◆ YOUR INSTRUCTIONS ◆
Your output should be the entries below, exact in every detail.

===

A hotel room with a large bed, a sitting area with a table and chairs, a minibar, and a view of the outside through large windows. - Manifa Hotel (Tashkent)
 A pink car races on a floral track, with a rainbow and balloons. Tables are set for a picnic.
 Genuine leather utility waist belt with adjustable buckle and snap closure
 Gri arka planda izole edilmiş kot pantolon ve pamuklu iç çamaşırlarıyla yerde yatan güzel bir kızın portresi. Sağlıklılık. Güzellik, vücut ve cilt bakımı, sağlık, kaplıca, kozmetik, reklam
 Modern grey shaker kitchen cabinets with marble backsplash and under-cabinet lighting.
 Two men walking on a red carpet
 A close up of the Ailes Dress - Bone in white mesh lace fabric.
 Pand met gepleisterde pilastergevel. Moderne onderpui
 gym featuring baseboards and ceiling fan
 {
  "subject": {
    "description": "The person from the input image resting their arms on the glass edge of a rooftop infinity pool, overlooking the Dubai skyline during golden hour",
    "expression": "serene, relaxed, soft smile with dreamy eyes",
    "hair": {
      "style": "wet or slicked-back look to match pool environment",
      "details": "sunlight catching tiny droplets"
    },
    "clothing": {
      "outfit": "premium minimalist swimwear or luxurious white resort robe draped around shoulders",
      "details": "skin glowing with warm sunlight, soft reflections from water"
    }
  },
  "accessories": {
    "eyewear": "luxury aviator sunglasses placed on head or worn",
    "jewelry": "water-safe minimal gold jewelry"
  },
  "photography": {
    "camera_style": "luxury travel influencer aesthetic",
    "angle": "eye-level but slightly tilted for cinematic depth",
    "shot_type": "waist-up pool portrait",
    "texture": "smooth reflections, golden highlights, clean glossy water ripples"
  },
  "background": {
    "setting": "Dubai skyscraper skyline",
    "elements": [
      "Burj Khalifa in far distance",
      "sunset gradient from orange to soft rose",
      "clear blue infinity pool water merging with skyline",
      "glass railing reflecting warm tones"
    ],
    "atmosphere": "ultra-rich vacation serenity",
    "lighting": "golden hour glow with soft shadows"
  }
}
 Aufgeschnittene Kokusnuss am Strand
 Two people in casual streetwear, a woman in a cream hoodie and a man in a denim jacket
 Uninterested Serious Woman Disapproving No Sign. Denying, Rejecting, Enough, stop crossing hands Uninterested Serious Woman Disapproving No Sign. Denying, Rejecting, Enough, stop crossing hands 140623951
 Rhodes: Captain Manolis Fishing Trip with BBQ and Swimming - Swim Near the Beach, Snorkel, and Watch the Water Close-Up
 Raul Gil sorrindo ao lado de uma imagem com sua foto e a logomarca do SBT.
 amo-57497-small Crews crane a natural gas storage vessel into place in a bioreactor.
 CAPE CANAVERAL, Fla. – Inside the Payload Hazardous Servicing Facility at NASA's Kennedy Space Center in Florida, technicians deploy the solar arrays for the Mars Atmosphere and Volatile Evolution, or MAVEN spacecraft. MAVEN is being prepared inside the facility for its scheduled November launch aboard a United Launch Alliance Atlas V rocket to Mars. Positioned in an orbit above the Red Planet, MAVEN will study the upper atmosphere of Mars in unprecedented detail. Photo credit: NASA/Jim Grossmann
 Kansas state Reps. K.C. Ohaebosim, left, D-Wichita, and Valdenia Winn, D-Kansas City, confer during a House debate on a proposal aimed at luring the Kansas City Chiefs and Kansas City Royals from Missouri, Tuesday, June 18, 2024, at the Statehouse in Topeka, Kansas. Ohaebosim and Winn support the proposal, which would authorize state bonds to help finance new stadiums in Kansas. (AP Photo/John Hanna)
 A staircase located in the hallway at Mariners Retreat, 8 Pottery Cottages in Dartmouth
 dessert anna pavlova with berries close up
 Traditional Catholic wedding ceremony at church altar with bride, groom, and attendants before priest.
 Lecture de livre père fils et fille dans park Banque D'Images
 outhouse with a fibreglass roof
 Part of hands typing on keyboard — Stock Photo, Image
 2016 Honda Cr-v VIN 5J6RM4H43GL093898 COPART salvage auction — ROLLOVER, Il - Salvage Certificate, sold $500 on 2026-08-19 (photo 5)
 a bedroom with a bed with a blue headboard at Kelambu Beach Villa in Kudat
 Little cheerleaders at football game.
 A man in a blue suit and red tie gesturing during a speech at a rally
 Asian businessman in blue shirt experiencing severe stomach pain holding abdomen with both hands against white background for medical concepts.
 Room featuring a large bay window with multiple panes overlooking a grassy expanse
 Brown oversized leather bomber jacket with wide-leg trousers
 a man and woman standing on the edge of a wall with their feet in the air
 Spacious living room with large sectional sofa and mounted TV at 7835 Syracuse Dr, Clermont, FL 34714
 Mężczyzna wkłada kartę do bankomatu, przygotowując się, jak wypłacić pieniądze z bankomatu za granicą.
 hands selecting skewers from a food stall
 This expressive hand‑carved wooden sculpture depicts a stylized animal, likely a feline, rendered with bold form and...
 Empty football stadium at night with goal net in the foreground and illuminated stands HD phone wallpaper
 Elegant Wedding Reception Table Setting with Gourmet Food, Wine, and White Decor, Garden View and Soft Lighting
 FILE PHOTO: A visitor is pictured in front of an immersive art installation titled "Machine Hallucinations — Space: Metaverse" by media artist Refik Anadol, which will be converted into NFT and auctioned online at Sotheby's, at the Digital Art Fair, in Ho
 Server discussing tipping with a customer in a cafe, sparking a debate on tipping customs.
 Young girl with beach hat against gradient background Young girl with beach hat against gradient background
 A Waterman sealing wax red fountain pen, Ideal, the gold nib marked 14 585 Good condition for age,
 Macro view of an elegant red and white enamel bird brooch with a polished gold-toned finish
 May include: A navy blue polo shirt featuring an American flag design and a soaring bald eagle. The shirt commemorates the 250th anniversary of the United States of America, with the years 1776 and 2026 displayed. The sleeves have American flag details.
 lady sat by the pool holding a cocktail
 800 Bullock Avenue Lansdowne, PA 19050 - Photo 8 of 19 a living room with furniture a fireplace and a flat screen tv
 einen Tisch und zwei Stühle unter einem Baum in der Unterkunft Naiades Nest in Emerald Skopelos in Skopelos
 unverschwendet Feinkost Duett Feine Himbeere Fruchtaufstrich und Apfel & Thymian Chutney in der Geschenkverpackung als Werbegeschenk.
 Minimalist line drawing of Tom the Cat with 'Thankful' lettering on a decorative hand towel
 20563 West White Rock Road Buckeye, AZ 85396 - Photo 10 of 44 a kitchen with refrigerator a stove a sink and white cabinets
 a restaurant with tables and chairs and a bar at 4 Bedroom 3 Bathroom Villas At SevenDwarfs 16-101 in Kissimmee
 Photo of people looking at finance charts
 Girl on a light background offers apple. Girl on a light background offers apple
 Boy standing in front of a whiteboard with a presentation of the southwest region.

===

◆ EXERCISE RESULT ◆
A hotel room with a large bed, a sitting area with a table and chairs, a minibar, and a view of the outside through large windows. - Manifa Hotel (Tashkent)
 A pink car races on a floral track, with a rainbow and balloons. Tables are set for a picnic.
 Genuine leather utility waist belt with adjustable buckle and snap closure
 Gri arka planda izole edilmiş kot pantolon ve pamuklu iç çamaşırlarıyla yerde yatan güzel bir kızın portresi. Sağlıklılık. Güzellik, vücut ve cilt bakımı, sağlık, kaplıca, kozmetik, reklam
 Modern grey shaker kitchen cabinets with marble backsplash and under-cabinet lighting.
 Two men walking on a red carpet
 A close up of the Ailes Dress - Bone in white mesh lace fabric.
 Pand met gepleisterde pilastergevel. Moderne onderpui
 gym featuring baseboards and ceiling fan
 {
  "subject": {
    "description": "The person from the input image resting their arms on the glass edge of a rooftop infinity pool, overlooking the Dubai skyline during golden hour",
    "expression": "serene, relaxed, soft smile with dreamy eyes",
    "hair": {
      "style": "wet or slicked-back look to match pool environment",
      "details": "sunlight catching tiny droplets"
    },
    "clothing": {
      "outfit": "premium minimalist swimwear or luxurious white resort robe draped around shoulders",
      "details": "skin glowing with warm sunlight, soft reflections from water"
    }
  },
  "accessories": {
    "eyewear": "luxury aviator sunglasses placed on head or worn",
    "jewelry": "water-safe minimal gold jewelry"
  },
  "photography": {
    "camera_style": "luxury travel influencer aesthetic",
    "angle": "eye-level but slightly tilted for cinematic depth",
    "shot_type": "waist-up pool portrait",
    "texture": "smooth reflections, golden highlights, clean glossy water ripples"
  },
  "background": {
    "setting": "Dubai skyscraper skyline",
    "elements": [
      "Burj Khalifa in far distance",
      "sunset gradient from orange to soft rose",
      "clear blue infinity pool water merging with skyline",
      "glass railing reflecting warm tones"
    ],
    "atmosphere": "ultra-rich vacation serenity",
    "lighting": "golden hour glow with soft shadows"
  }
}
 Aufgeschnittene Kokusnuss am Strand
 Two people in casual streetwear, a woman in a cream hoodie and a man in a denim jacket
 Uninterested Serious Woman Disapproving No Sign. Denying, Rejecting, Enough, stop crossing hands Uninterested Serious Woman Disapproving No Sign. Denying, Rejecting, Enough, stop crossing hands 140623951
 Rhodes: Captain Manolis Fishing Trip with BBQ and Swimming - Swim Near the Beach, Snorkel, and Watch the Water Close-Up
 Raul Gil sorrindo ao lado de uma imagem com sua foto e a logomarca do SBT.
 amo-57497-small Crews crane a natural gas storage vessel into place in a bioreactor.
 CAPE CANAVERAL, Fla. – Inside the Payload Hazardous Servicing Facility at NASA's Kennedy Space Center in Florida, technicians deploy the solar arrays for the Mars Atmosphere and Volatile Evolution, or MAVEN spacecraft. MAVEN is being prepared inside the facility for its scheduled November launch aboard a United Launch Alliance Atlas V rocket to Mars. Positioned in an orbit above the Red Planet, MAVEN will study the upper atmosphere of Mars in unprecedented detail. Photo credit: NASA/Jim Grossmann
 Kansas state Reps. K.C. Ohaebosim, left, D-Wichita, and Valdenia Winn, D-Kansas City, confer during a House debate on a proposal aimed at luring the Kansas City Chiefs and Kansas City Royals from Missouri, Tuesday, June 18, 2024, at the Statehouse in Topeka, Kansas. Ohaebosim and Winn support the proposal, which would authorize state bonds to help finance new stadiums in Kansas. (AP Photo/John Hanna)
 A staircase located in the hallway at Mariners Retreat, 8 Pottery Cottages in Dartmouth
 dessert anna pavlova with berries close up
 Traditional Catholic wedding ceremony at church altar with bride, groom, and attendants before priest.
 Lecture de livre père fils et fille dans park Banque D'Images
 outhouse with a fibreglass roof
 Part of hands typing on keyboard — Stock Photo, Image
 2016 Honda Cr-v VIN 5J6RM4H43GL093898 COPART salvage auction — ROLLOVER, Il - Salvage Certificate, sold $500 on 2026-08-19 (photo 5)
 a bedroom with a bed with a blue headboard at Kelambu Beach Villa in Kudat
 Little cheerleaders at football game.
 A man in a blue suit and red tie gesturing during a speech at a rally
 Asian businessman in blue shirt experiencing severe stomach pain holding abdomen with both hands against white background for medical concepts.
 Room featuring a large bay window with multiple panes overlooking a grassy expanse
 Brown oversized leather bomber jacket with wide-leg trousers
 a man and woman standing on the edge of a wall with their feet in the air
 Spacious living room with large sectional sofa and mounted TV at 7835 Syracuse Dr, Clermont, FL 34714
 Mężczyzna wkłada kartę do bankomatu, przygotowując się, jak wypłacić pieniądze z bankomatu za granicą.
 hands selecting skewers from a food stall
 This expressive hand‑carved wooden sculpture depicts a stylized animal, likely a feline, rendered with bold form and...
 Empty football stadium at night with goal net in the foreground and illuminated stands HD phone wallpaper
 Elegant Wedding Reception Table Setting with Gourmet Food, Wine, and White Decor, Garden View and Soft Lighting
 FILE PHOTO: A visitor is pictured in front of an immersive art installation titled "Machine Hallucinations — Space: Metaverse" by media artist Refik Anadol, which will be converted into NFT and auctioned online at Sotheby's, at the Digital Art Fair, in Ho
 Server discussing tipping with a customer in a cafe, sparking a debate on tipping customs.
 Young girl with beach hat against gradient background Young girl with beach hat against gradient background
 A Waterman sealing wax red fountain pen, Ideal, the gold nib marked 14 585 Good condition for age,
 Macro view of an elegant red and white enamel bird brooch with a polished gold-toned finish
 May include: A navy blue polo shirt featuring an American flag design and a soaring bald eagle. The shirt commemorates the 250th anniversary of the United States of America, with the years 1776 and 2026 displayed. The sleeves have American flag details.
 lady sat by the pool holding a cocktail
 800 Bullock Avenue Lansdowne, PA 19050 - Photo 8 of 19 a living room with furniture a fireplace and a flat screen tv
 einen Tisch und zwei Stühle unter einem Baum in der Unterkunft Naiades Nest in Emerald Skopelos in Skopelos
 unverschwendet Feinkost Duett Feine Himbeere Fruchtaufstrich und Apfel & Thymian Chutney in der Geschenkverpackung als Werbegeschenk.
 Minimalist line drawing of Tom the Cat with 'Thankful' lettering on a decorative hand towel
 20563 West White Rock Road Buckeye, AZ 85396 - Photo 10 of 44 a kitchen with refrigerator a stove a sink and white cabinets
 a restaurant with tables and chairs and a bar at 4 Bedroom 3 Bathroom Villas At SevenDwarfs 16-101 in Kissimmee
 Photo of people looking at finance charts
 Girl on a light background offers apple. Girl on a light background offers apple
 Boy standing in front of a whiteboard with a presentation of the southwest region.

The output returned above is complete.